A little cookie history: The first cookies were created by accident. Cooks used a small amount of cake batter to test their oven temperature before baking a large cake. These little test cakes were called "koekje", meaning "little cake" in Dutch.
Originally called "little cakes," cookies are made with sweet dough or batter, baked in single-sized servings and eaten out-of-hand. Perfect for snacking or as dessert, cookies are consumed in 95.2 percent of U.S. households. Americans alone consume over 2 billion cookies a year, or 300 cookies for each person annually.
History
The word cookie originally came from the Dutch keokje, meaning "little cake." In addition, the Dutch first popularized cookies in the United States. The British took a liking to them in the 19th century, incorporating them into their daily tea service and calling them biscuits or sweet buns, as they do in Scotland.
Sometime in the 1930s, so the story goes, a Massachusetts innkeeper ran out of nuts while making cookies. Therefore, she substituted a bar of baking chocolate, breaking it into pieces and adding the chunks of chocolate to the flour, butter and brown sugar dough. The Toll House Cookie, so named after the inn in which it was served, was a hit.
Historians credit the innkeeper, Ruth Wakefield, with inventing what has since become an American classic - the chocolate chip cookie.
The earliest cookie-style cakes are thought to date back to seventh-century Persia, one of the first countries to cultivate sugar. There are six basic cookie styles, any of which can range from tender-crisp to soft. A drop cookie is made by dropping spoonfuls of dough onto a baking sheet. Bar cookies are created when a batter or soft dough is spooned into a shallow pan, then baked, cooled and cut into bars.
Hand-formed (or molded) cookies are made by shaping dough by hand into small balls, logs, crescents and other shapes.
Pressed cookies are formed by pressing dough through a COOKIE PRESS (or PASTRY BAG) to form fancy shapes and designs.
Refrigerator (or icebox) cookies are made by shaping the dough into a log, which is refrigerated until firm, then sliced and baked. Rolled cookies begin by using a rolling pin to roll the dough out flat; then it is cut into decorative shapes with COOKIE CUTTERS or a pointed knife.
Other cookies, such as the German SPRINGERLE, are formed by imprinting designs on the dough, either by rolling a special decoratively carved rolling pin over it or by pressing the dough into a carved COOKIE MOLD. In England, cookies are called biscuits , in Spain they're galletas , Germans call them keks, in Italy they're biscotti and so on.
The first American cookie was originally brought to this country by the English, Scots, and Dutch immigrants. Our simple "butter cookies" strongly resemble the English tea cakes and the Scotch shortbread.
The Southern colonial housewife took great pride in her cookies, almost always called simply "tea cakes." These were often flavored with nothing more than the finest butter, sometimes with the addition of a few drops of rose water.

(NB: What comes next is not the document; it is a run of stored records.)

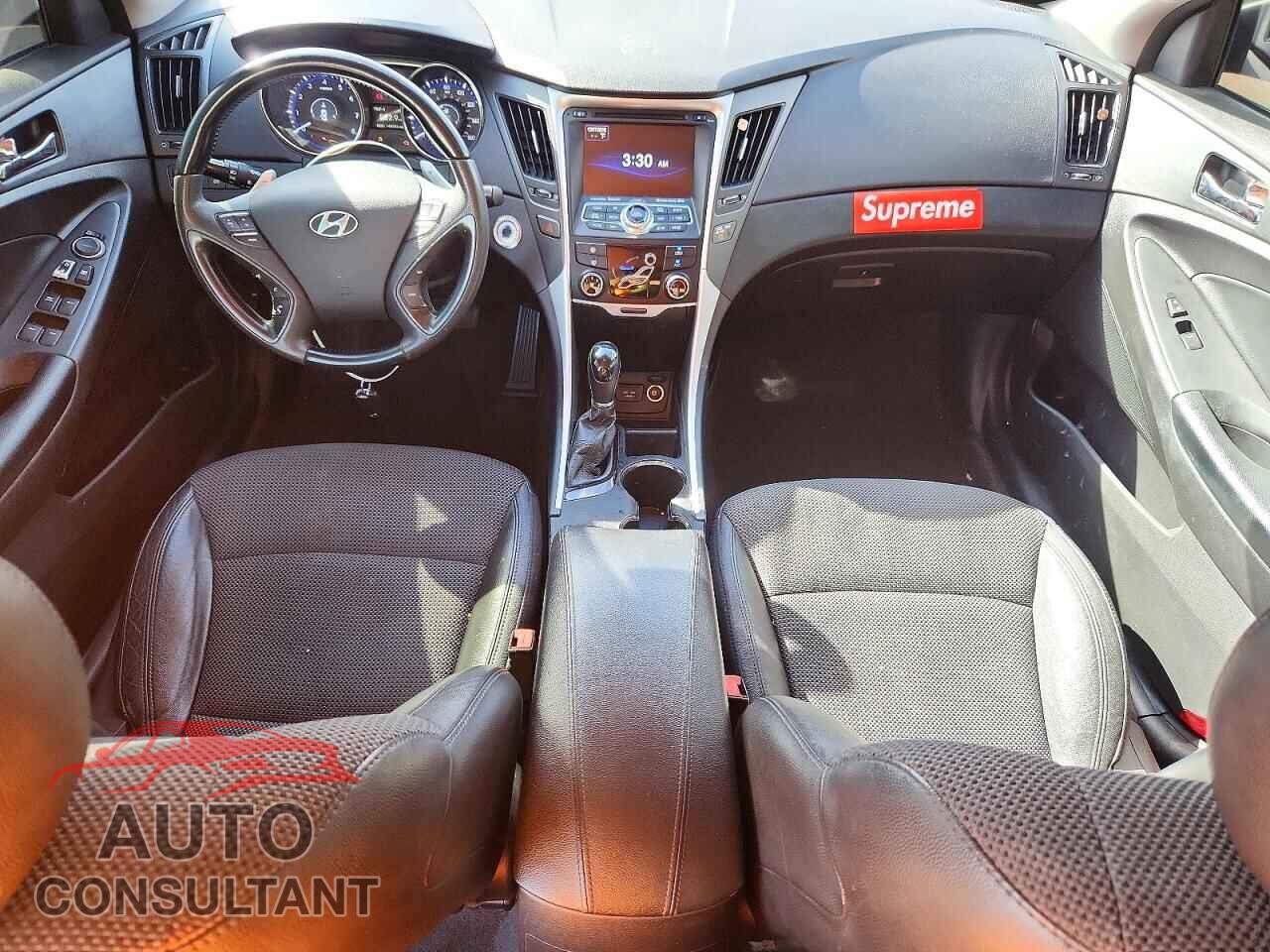 HYUNDAI SONATA 2013 - 5NPEC4AC3DH595349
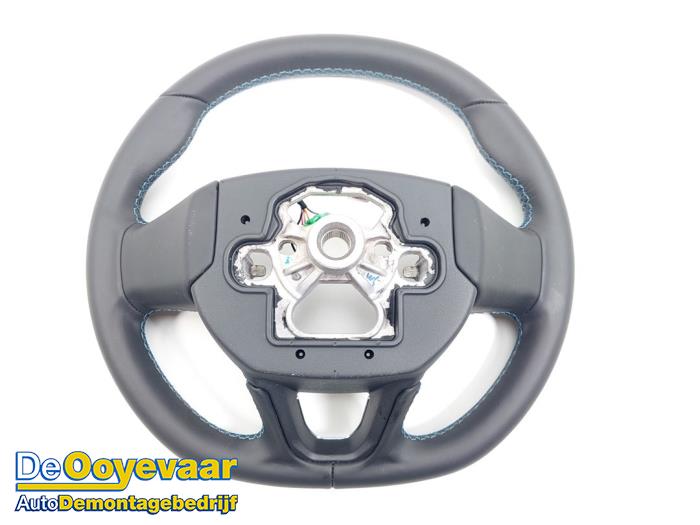 Ratt från en Lynk & Co 01 1.5 PHEV 2022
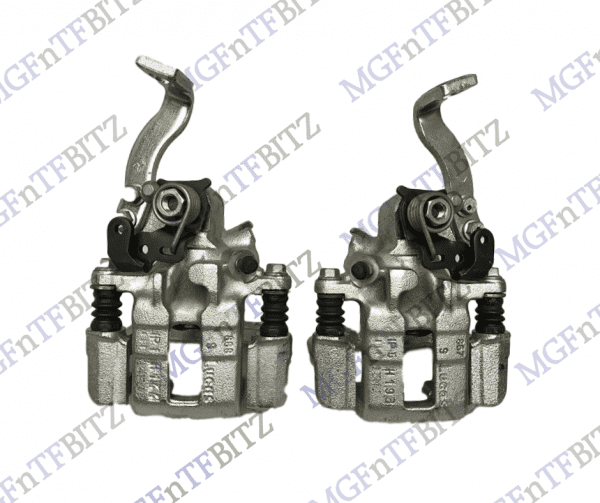 Rear Calipers with Carriers SMC000470 / SMC000460
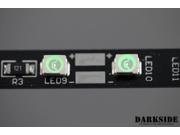 DarkSide 7.75 CONNECT Dimmable Rigid LED Strip Green DS 0313
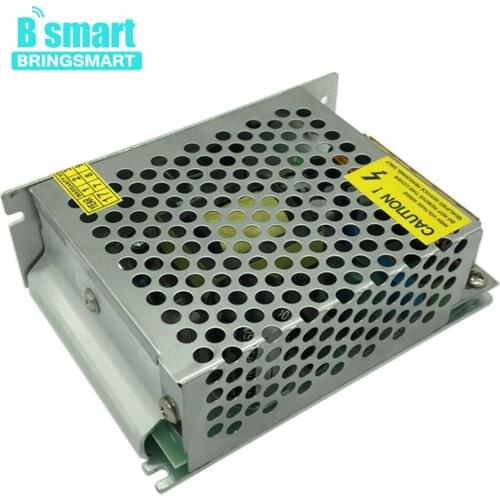 60S12 AC to DC Transformer Power Adapter 5A 1 Wires Output 220v to 12v DC Power Supply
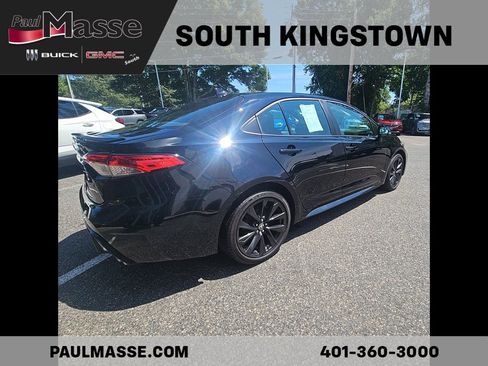 Used 2024 Toyota Corolla SE FWD image 7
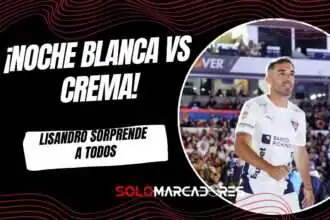 ¿Mejor la Noche Crema que la Noche Blanca? La polémica frase de Lisandro Alzugaray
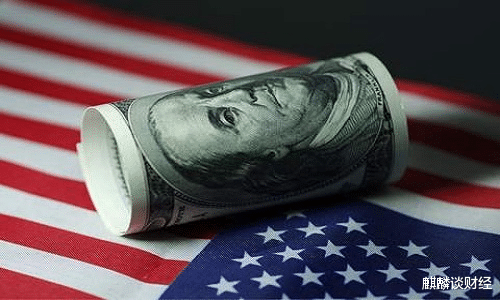 美国国债▲全球抛售美债7493亿美元后，美国最大“接盘侠”出现，“边进边出”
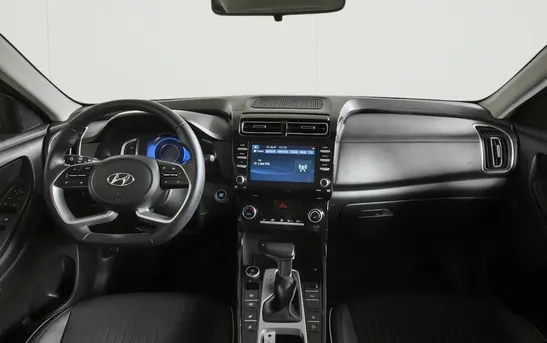 Hyundai Creta 1.60 автоматическая, фото №1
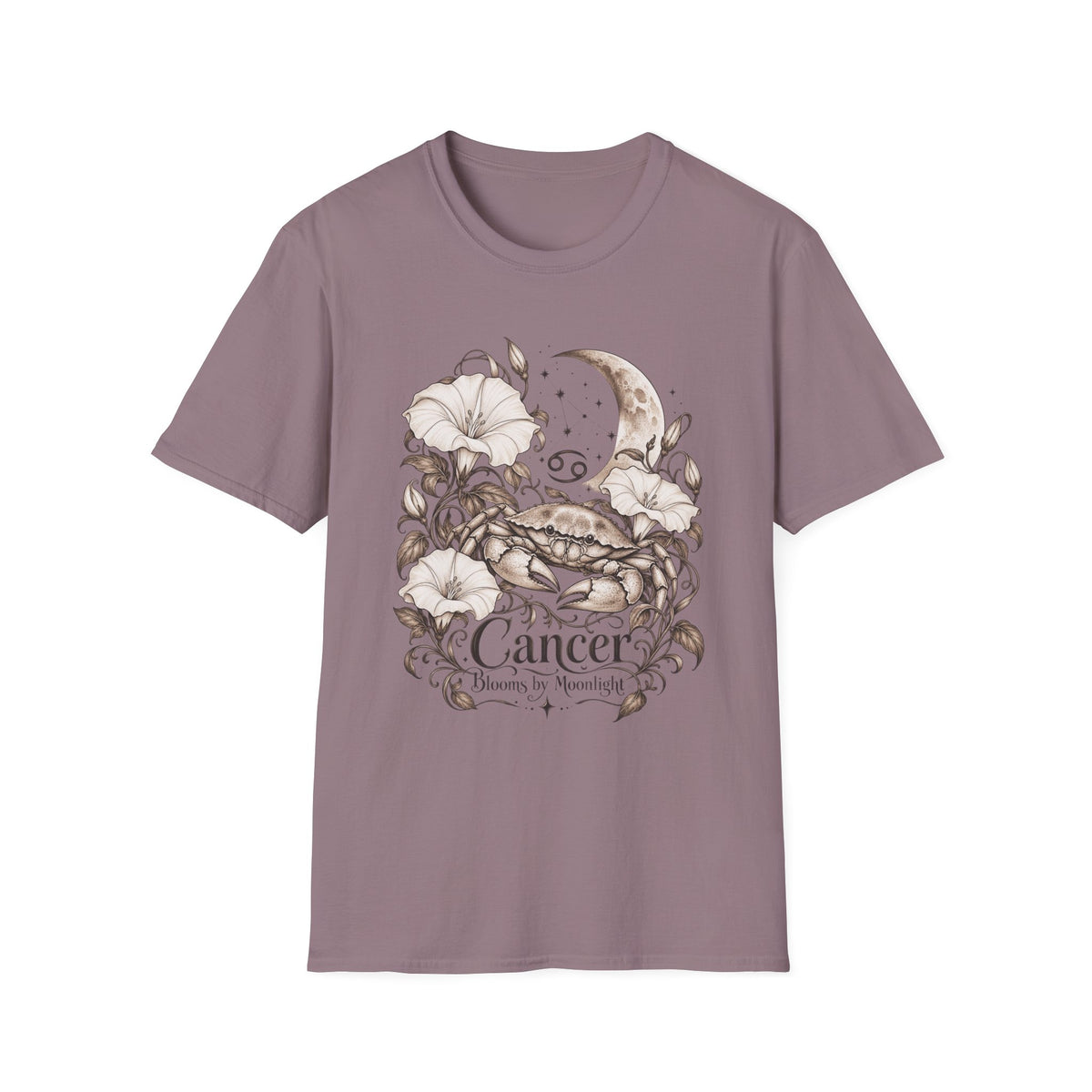 Cancer Zodiac T-Shirt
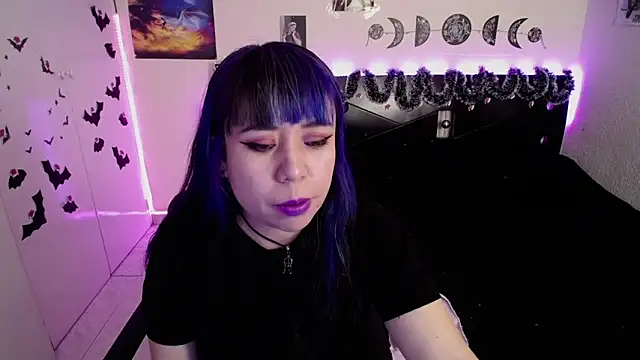 Snapshot of _dhalia1_ chatting on 26, 12, 2024 dhalia1 online show from 26, 12, 2024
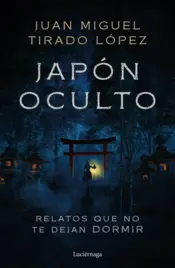 Portada Japón oculto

In earlier American cookbooks, cookies were given no space of their own but were listed at the end of the cake chapter. They were called by such names as "Jumbles," "Plunkets," and "Cry Babies." The names were extremely puzzling and whimsical.
There are hundreds upon hundreds of cookie recipes in the United States. No one book could hold the recipes for all the various types of cookies.
Though they have evolved quite a bit since the Mayflower days, cookies have are never out of vogue. Homemade cookies are always head-and-shoulders better than store bought. But let's take a look at cookies then and now before showing you how to re-spin some homey classics.
The cookie that broke the mold
American cookies, like Americans themselves, have been a melting pot of cookie tastes and styles originating with the colonialists and thriving on waves of immigrant culinary contributions. Spice cookies, soft raisin cookies, shortbread, brown sugar-laced oatmeal, molasses and ginger drop cookies were delectably familiar. Our ancestors favored oversized cookies (a must for hungry farm hands) and yesteryear's cookbooks yield countless receipts for traditional delights as Snickerdoodles, raisin-filled Hermits, Sand Tarts, and Jumbles, as well as all sorts of delectable butter cookies such as Southern-style Tea Cakes, and a myriad of sweet delicacies inspired by the Pennsylvania Dutch Mennonites, Amish, and Moravian communities. But around the mid-nineteen hundreds something happened and this vast assortment of cookie-dom was supplanted by one infinitely important cookie that broke the mold - Tollhouse.